### Action item
Print the whole listing, keeping every line exactly as given.

### Data in this exercise
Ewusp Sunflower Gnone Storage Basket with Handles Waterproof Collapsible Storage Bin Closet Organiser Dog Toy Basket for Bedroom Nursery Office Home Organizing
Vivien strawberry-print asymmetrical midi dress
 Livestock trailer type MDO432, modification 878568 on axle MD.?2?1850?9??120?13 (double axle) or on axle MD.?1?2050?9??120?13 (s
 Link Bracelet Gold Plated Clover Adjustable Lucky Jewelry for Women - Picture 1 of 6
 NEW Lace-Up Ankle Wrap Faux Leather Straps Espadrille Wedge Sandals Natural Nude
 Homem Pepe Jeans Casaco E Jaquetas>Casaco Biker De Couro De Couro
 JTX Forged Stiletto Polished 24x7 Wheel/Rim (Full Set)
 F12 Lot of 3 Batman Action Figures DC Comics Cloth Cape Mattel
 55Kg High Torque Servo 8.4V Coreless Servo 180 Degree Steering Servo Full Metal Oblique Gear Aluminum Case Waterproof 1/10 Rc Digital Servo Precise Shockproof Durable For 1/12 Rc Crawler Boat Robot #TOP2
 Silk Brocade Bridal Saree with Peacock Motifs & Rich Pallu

### Answer area
Ewusp Sunflower Gnone Storage Basket with Handles Waterproof Collapsible Storage Bin Closet Organiser Dog Toy Basket for Bedroom Nursery Office Home Organizing
Vivien strawberry-print asymmetrical midi dress
 Livestock trailer type MDO432, modification 878568 on axle MD.?2?1850?9??120?13 (double axle) or on axle MD.?1?2050?9??120?13 (s
 Link Bracelet Gold Plated Clover Adjustable Lucky Jewelry for Women - Picture 1 of 6
 NEW Lace-Up Ankle Wrap Faux Leather Straps Espadrille Wedge Sandals Natural Nude
 Homem Pepe Jeans Casaco E Jaquetas>Casaco Biker De Couro De Couro
 JTX Forged Stiletto Polished 24x7 Wheel/Rim (Full Set)
 F12 Lot of 3 Batman Action Figures DC Comics Cloth Cape Mattel
 55Kg High Torque Servo 8.4V Coreless Servo 180 Degree Steering Servo Full Metal Oblique Gear Aluminum Case Waterproof 1/10 Rc Digital Servo Precise Shockproof Durable For 1/12 Rc Crawler Boat Robot #TOP2
 Silk Brocade Bridal Saree with Peacock Motifs & Rich Pallu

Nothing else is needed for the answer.